___ Recorded data
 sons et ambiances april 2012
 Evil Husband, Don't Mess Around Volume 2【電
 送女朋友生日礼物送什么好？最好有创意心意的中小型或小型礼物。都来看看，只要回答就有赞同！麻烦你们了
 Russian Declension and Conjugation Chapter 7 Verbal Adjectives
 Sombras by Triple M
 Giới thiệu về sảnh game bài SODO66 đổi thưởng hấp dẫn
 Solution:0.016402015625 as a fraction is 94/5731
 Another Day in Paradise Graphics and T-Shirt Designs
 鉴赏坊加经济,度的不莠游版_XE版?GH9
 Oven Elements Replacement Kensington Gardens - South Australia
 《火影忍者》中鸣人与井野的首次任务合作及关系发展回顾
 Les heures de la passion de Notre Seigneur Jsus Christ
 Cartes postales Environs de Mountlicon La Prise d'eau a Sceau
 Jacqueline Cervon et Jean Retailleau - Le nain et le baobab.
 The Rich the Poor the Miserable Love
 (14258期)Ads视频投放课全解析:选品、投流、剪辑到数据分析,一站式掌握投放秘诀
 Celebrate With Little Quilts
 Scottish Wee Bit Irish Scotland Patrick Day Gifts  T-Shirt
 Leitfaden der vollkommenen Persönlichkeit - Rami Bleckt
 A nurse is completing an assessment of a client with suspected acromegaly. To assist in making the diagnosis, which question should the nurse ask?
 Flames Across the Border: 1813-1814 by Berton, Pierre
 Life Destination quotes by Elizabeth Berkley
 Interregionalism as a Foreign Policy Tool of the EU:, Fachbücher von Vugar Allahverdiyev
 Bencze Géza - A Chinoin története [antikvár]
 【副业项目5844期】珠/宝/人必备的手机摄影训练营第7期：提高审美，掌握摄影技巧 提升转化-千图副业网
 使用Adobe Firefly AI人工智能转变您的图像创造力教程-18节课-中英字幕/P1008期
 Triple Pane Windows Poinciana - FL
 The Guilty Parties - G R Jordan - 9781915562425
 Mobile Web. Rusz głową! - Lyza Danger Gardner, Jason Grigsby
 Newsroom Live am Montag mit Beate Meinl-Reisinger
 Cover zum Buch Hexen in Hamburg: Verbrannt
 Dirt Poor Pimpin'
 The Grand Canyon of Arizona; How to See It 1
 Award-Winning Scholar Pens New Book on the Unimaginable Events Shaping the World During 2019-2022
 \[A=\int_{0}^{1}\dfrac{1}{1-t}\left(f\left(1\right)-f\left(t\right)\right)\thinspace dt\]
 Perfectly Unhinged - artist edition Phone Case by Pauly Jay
______
#### Work request
Above are the entries. Copy exactly the part that opens with the line containing "(14258期)Ads视频投" and closes with the line containing "Life Destination quotes by Elizabeth Berkley", and no more.

#### Answer below
 (14258期)Ads视频投放课全解析:选品、投流、剪辑到数据分析,一站式掌握投放秘诀
 Celebrate With Little Quilts
 Scottish Wee Bit Irish Scotland Patrick Day Gifts  T-Shirt
 Leitfaden der vollkommenen Persönlichkeit - Rami Bleckt
 A nurse is completing an assessment of a client with suspected acromegaly. To assist in making the diagnosis, which question should the nurse ask?
 Flames Across the Border: 1813-1814 by Berton, Pierre
 Life Destination quotes by Elizabeth Berkley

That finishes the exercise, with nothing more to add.